Do u see anyother issues ?

[lukibahr]

do we have to take care on any other configurations? I've created the ingress configuration as mentioned above, however no objects are created. DEBUG logs show no errors.

[iam-veeramalla]

@lukibahr U should install AS3 RPM on the Big-IP. Did u get that installed? If not, Please refer.
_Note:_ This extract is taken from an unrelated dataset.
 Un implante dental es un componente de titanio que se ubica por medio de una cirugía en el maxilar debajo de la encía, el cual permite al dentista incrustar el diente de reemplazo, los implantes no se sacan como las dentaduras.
https://clouddocs.f5.com/products/extensions/f5-appsvcs-extension/latest/userguide/installation.html

Once u install this RPM, Please restart the CIS Deployment in your cluster. If u get any further issue. Please send us error and AS3 specific logs in ur deployment.
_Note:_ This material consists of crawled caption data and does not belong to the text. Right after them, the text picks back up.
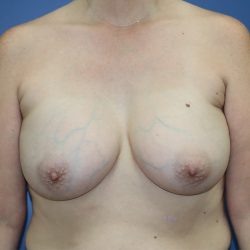 Breast Augmentation Before & After Patient #361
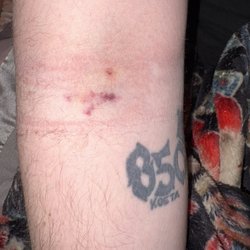 BioLife Plasma Services - Scarring, bruising, swelling.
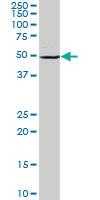 Anti-BAG5 Rabbit Polyclonal Antibody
kubectl log deploy/cis | grep AS3 kubectl log deploy/cis | grep -i error

[lukibahr]

Currently facing an issue with the length of the ingress:

k8s-bigip-ctlr-94b779bc5-qpxlb k8s-bigip-ctlr 2020/05/22 13:54:01 [DEBUG] Updated 0 of 0 virtual server configs, deleted 0
k8s-bigip-ctlr-94b779bc5-qpxlb k8s-bigip-ctlr 2020/05/22 13:54:02 [ERROR] AS3 Template is not valid. see errors :
k8s-bigip-ctlr-94b779bc5-qpxlb k8s-bigip-ctlr
k8s-bigip-ctlr-94b779bc5-qpxlb k8s-bigip-ctlr 2020/05/22 13:54:02 [ERROR] - declaration.Shared: Must validate "then" as "if" was valid
k8s-bigip-ctlr-94b779bc5-qpxlb k8s-bigip-ctlr
k8s-bigip-ctlr-94b779bc5-qpxlb k8s-bigip-ctlr 2020/05/22 13:54:02 [ERROR] - declaration.Shared: Property name of "ingress_elasticsearch_kibana_logging_search_cluster_kb_http_0_http" does not match
k8s-bigip-ctlr-94b779bc5-qpxlb k8s-bigip-ctlr
k8s-bigip-ctlr-94b779bc5-qpxlb k8s-bigip-ctlr 2020/05/22 13:54:02 [ERROR] - declaration.Shared: String length must be less than or equal to 64
k8s-bigip-ctlr-94b779bc5-qpxlb k8s-bigip-ctlr
k8s-bigip-ctlr-94b779bc5-qpxlb k8s-bigip-ctlr 2020/05/22 13:54:02 [ERROR] [AS3] Error in validating declaration

I'll fix that and let you know if it works.

[iam-veeramalla]

@lukibahr Sure, Awaiting your response.

[iam-veeramalla]

@lukibahr Try using --log-as3-response=true deployment parameter. It will dump the AS3 Response body with actual error in controller logs. You can post it to us, by hiding sensitive information, if any.

we have released 2.0 and new documentation is available at

• https://clouddocs.f5.com/containers/latest/userguide/

Let me know, If u still face any issues.

[lukibahr]

Our as3 configuration of the controller works now. Thank you very very much for your help.